This week HP Labs distinguished technologist, Parthasarathy Ranganathan, told Stacey Higginbotham that we are working our way from the information age to the insight age. For this shift to happen, however, computing architectures will need to keep pace with analytics, handling storage and massive processing in far more efficient ways.
Processing, storing and analyzing vast amounts of data is getting cheaper, which is certainly a good thing since technology delivers an ever-expanding assortment of new devices and instruments. The problem is, simply throwing more processing power at big data problems isn’t sustainable as it entails a race to pack more transistors on to already energy-hungry chips.
Since the pace of data gathering is outpacing processing capabilities, some are looking to companies like Intel with its 3-D transistor advancement.
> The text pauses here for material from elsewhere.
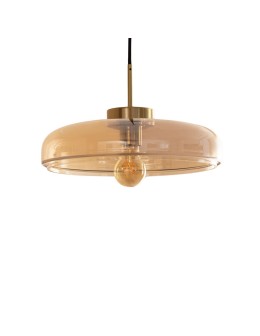 Abruzzo Lampa Wisząca Szklana Miodowa 35cm E27 Artel ABR-SLWA-E27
As Higginbotham notes, however, while this “is cool, it only gets us so far in cramming more transistors on a chip and reducing the energy level needed. For example, a 22 nanometer chi using the 3-D transistor structure consumes about 50 percent less energy than the current generation Intel chip, but less than an Intel chip using the older architecture would at 22 nanometers…And when we’re talking about adding a billion more people to the web, or transitioning to the next generation of supercomputing, a 50 percent reduction in energy consumption on the CPU is only going to get us so far.”
With that in mind, she points to the fact that the DoD estimates that powering an exascale supercomputer would require not one, but two complete power plants. She also slips in the aside that “this is why the folks at ARM think they have an opportunity and why the use of GPUs in high performance computing is on the rise.”